This is the recommended pattern when you want the model to learn to verbalize its intent before invoking a tool.

Tool Calling Example

[
  {
    "messages": [
      {"role": "user", "content": "What's the weather in Beijing?"},
      {
        "role": "assistant",
        "content": null,
        "tool_calls": [
          {
            "type": "function",
            "function": {"name": "get_weather", "arguments": {"city": "Beijing", "unit": "celsius"}}
          }
        ]
      },
      {"role": "tool", "content": "{\"city\": \"Beijing\", \"temperature\": 18, \"condition\": \"sunny\"}"},
      {"role": "assistant", "content": "It's sunny in Beijing today, about 18°C."}
    ],
    "tools": [
      {
        "type": "function",
        "function": {
          "name": "get_weather",
          "description": "Look up weather for a city",
          "parameters": {
            "type": "object",
            "properties": {
              "city": {"type": "string"},
              "unit": {"type": "string", "enum": ["celsius", "fahrenheit"]}
            },
            "required": ["city"]
          }
        }
      }
    ]
  }
]

💡 See datasets/messages_zh_demo.json for runnable end-to-end examples.

3️⃣ DPO (Direct Preference Optimization) Data Format

DPO data contains chosen (preferred response) and rejected (non-preferred response) replies, supporting three formats: Alpaca, ShareGPT, and OpenAI-style Messages.

Format 1: Alpaca Format

Basic Format

[
  {
    "instruction": "Write a poem about spring",
    "input": "",
    "chosen": "Spring breeze caresses the blooming garden fair, Butterflies dance gracefully through the air. Green willows sway to greet the warming sun, Birds sing and swallows soar, their joy has just begun.",
    "rejected": "Spring has come, flowers bloom, it's beautiful."
  }
]

Field Description

Field	Type	Required	Description
`instruction`	string	✅	User's instruction or question
`input`	string	❌	Supplementary input content
`chosen`	string	✅	Better response (preferred response)
`rejected`	string	✅	Worse response (non-preferred response)
`system`	string	❌	Custom system prompt

Alpaca format does not support tool calling.
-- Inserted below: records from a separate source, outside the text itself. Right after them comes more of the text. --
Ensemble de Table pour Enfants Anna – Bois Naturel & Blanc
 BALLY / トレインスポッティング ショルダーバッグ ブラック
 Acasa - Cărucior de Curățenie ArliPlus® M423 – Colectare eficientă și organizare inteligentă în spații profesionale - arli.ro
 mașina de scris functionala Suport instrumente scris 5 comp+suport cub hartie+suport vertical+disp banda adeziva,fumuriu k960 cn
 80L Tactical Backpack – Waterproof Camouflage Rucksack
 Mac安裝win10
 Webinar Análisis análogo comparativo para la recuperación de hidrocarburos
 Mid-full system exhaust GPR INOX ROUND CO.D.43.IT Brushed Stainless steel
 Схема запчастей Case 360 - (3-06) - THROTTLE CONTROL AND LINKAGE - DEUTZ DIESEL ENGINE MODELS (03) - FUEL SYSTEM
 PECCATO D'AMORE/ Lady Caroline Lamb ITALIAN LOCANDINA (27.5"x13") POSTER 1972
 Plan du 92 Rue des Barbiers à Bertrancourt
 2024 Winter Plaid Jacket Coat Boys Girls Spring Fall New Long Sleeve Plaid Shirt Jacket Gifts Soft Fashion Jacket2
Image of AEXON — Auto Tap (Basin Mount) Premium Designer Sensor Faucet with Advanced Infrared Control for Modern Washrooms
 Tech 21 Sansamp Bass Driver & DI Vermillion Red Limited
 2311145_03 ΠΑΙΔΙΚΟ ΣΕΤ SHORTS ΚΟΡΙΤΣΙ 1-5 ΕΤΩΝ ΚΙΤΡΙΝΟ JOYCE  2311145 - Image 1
Use ShareGPT or OpenAI-style Messages format for tool-calling data.

Complete Format Example

[
  {
    "system": "You are a poetic poet",
    "instruction": "Write a poem about the ocean",
    "input": "",
    "chosen": "Waves gently hum their ancient tune, Tides tell tales of a thousand moons. Blue waters dance with stars aglow, Deep and vast, where secrets flow.",
    "rejected": "The ocean is big and also blue."
  }
]

Format 2: ShareGPT Format

ShareGPT DPO uses conversations for the prompt history before the candidate response, and chosen / rejected for two competing final assistant responses under the same context.

Basic Format

[
  {
    "conversations": [
      {"from": "human", "value": "Hello"},
      {"from": "gpt", "value": "Hello!"},
      {"from": "human", "value": "How are you today?"}
    ],
    "chosen": {"from": "gpt", "value": "I'm doing great, thanks for asking! I've had a very productive day."},
    "rejected": {"from": "gpt", "value": "Okay I guess."}
  }
]

Field Description

Field	Type	Required	Description
`conversations`	list	✅	Conversation history containing previous multi-turn dialogues
`conversations[].from`	string	✅	`"system"` / `"human"` / `"gpt"`; tool-calling history also supports `"function_call"` / `"observation"`
`conversations[].value`	string	✅	Message content. For `function_call`, this is a JSON string with `name` and `arguments`.
`chosen`	object	✅	Preferred final response
`chosen.from`	string	✅	Usually `"gpt"`
`chosen.value`	string	✅	Preferred response content
`rejected`	object	✅	Non-preferred final response
`rejected.from`	string	✅	Usually `"gpt"`
`rejected.value`	string	✅	Non-preferred response content
`tools`	string/list	❌	Tool definitions. This is a tool-calling training sample only when `conversations` contains `function_call` / `observation`.

Tool Calling Example

[
  {
    "conversations": [
      {"from": "human", "value": "What's the weather in Beijing today?"},
      {"from": "function_call", "value": "{\"name\": \"get_weather\", \"arguments\": {\"city\": \"Beijing\"}}"},
      {"from": "observation", "value": "{\"city\": \"Beijing\", \"temperature\": 18, \"condition\": \"sunny\"}"}
    ],
    "chosen": {
      "from": "gpt",
      "value": "It's sunny in Beijing today, around 18°C, so it should be comfortable to go outside."
    },
    "rejected": {
      "from": "gpt",
      "value": "I don't know the weather in Beijing."
    },
    "tools": "[{\"name\": \"get_weather\", \"description\": \"Look up weather for a city\", \"parameters\": {\"type\": \"object\", \"properties\": {\"city\": {\"type\": \"string\"}}, \"required\": [\"city\"]}}]"
  }
]

Format 3: Messages Format (OpenAI-style)

You can also feed DPO data in the OpenAI-style messages form. The messages array carries the full prompt history before the candidate response, and chosen / rejected carry the two competing responses. Candidate responses support three forms:

string: a single plain-text assistant response.
object: a single assistant message, optionally with both content and tool_calls.
list: a full candidate message trajectory, which may include assistant.tool_calls, role: "tool", and a final assistant response.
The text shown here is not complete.